The vision presented by Apple with the HealthKit framework is one of interoperability and seamless interactions between mobile health applications and platforms. This is something that we, at Open mHealth, care a lot about. It is at the the core of our mission.
We’ve found that HealthKit does a lot to advance this vision. It reduces the burden on developers to create their own solutions for storing health data. And once that data is stored in HealthKit, other applications can gain access to it, with the user’s permission. Now, suddenly, you have applications that can enable novel insights and interactions through shared data that they would be unable to do alone.
Another valuable aspect of HealthKit, one that is often overlooked, is its model for how health data sharing permissions are managed. Those permissions are managed in a consistent way and in one centralized place across all applications, so users know where to go.
The model for granting permission at the individual measure level helps people consider each aspect of their health information separately and forces them to be more intentional about what they share and with whom they share it. Too often permissions are all or nothing when authorizing an application to access personal health information. The model actualized by HealthKit prompts a reconsideration of how users can make these decisions. It then forces developers to start to think about how they design their applications in cases where they might not have access to all of a user’s data.

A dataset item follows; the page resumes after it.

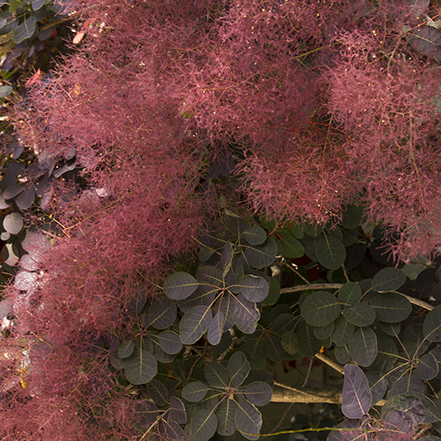 purple smoke tree flowers and leaves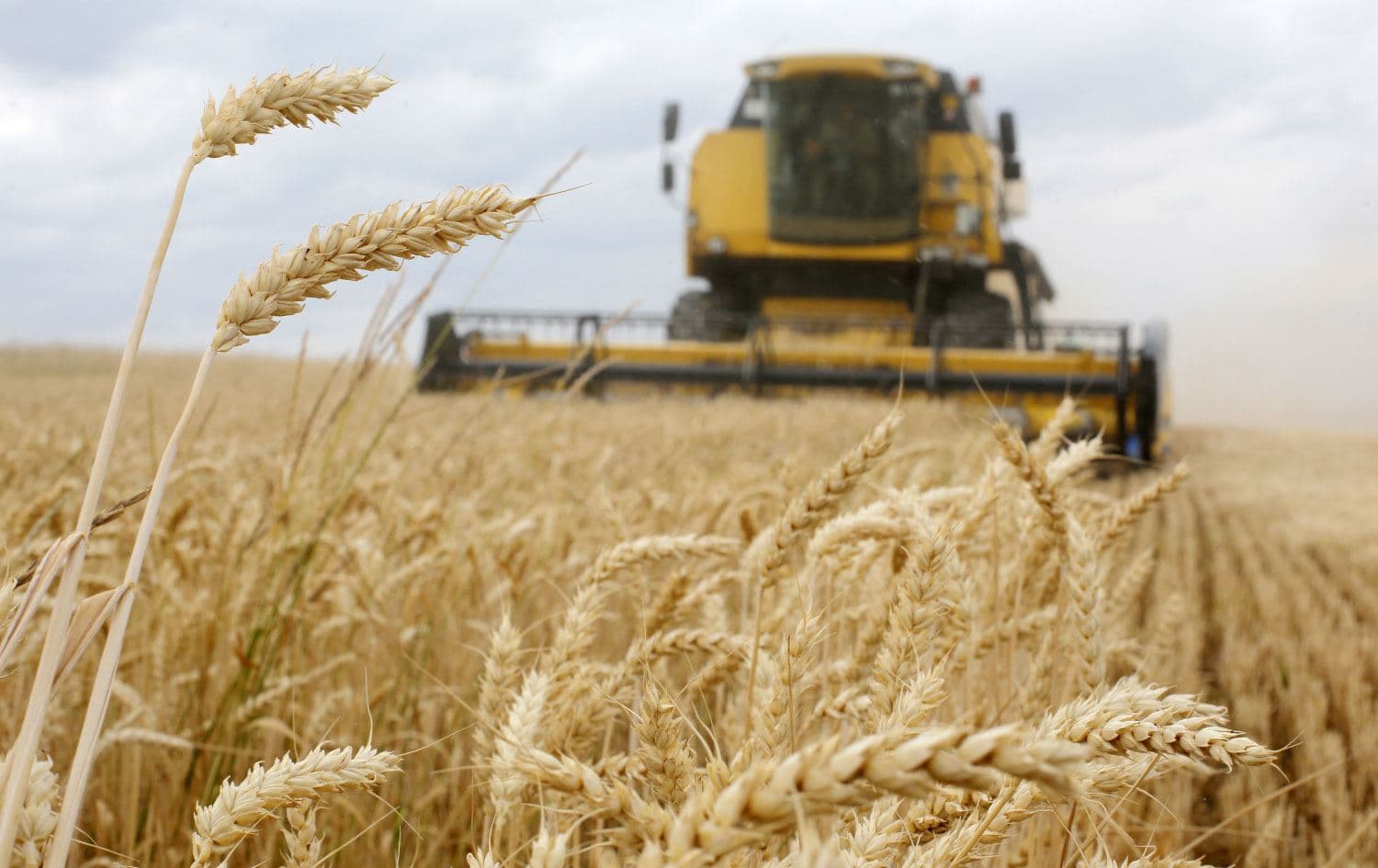 A harvester gathers wheat in a field in Ukraine's Chernihiv area. Photo: Anatolii Stepanov/AFP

There is a lot to appreciate in HealthKit and it’s a good start to catalyzing the open sharing of health information across the mHealth ecosystem. However, the platform has some major limitations that prevent it from realizing the vision proposed by Apple.
Challenges with the HealthKit Framework
In working with HealthKit while building our iOS app, Hipbone, and a HealthKit serialization library, Granola, we found that it exposes a powerful framework for building applications. However, we found difficulty in interacting with the way HealthKit represents and models health concepts and the mobile health domain. At the heart of the problem is HealthKit’s lack of a well defined data model, meaning that different health concepts are not explicitly modeled in the framework. Steps, blood glucose, and inhaler usage, for example, are all modeled using the same objects with the same properties. Because these measures can have very different information associated with them, such as the context in which an individual used their inhaler, developers are limited in the expressiveness available to represent each measure. In many cases it’s like trying to fit a square peg in a round hole.
Furthermore, the problem that HealthKit proposes to solve – interoperability and exchange between applications – is addressed in an incomplete way. We know that the power of mHealth lies in its ability to bring data together from disparate sources to paint a richer picture of individuals and populations as a whole. This demands the dismantling of silos and a freeing of information. Unfortunately, Apple provides very little support in exposing HealthKit data to the broader mHealth ecosystem, limiting its ability to interact outside iOS. Instead of breaking down silos, HealthKit constructs a new one. It’s just bigger.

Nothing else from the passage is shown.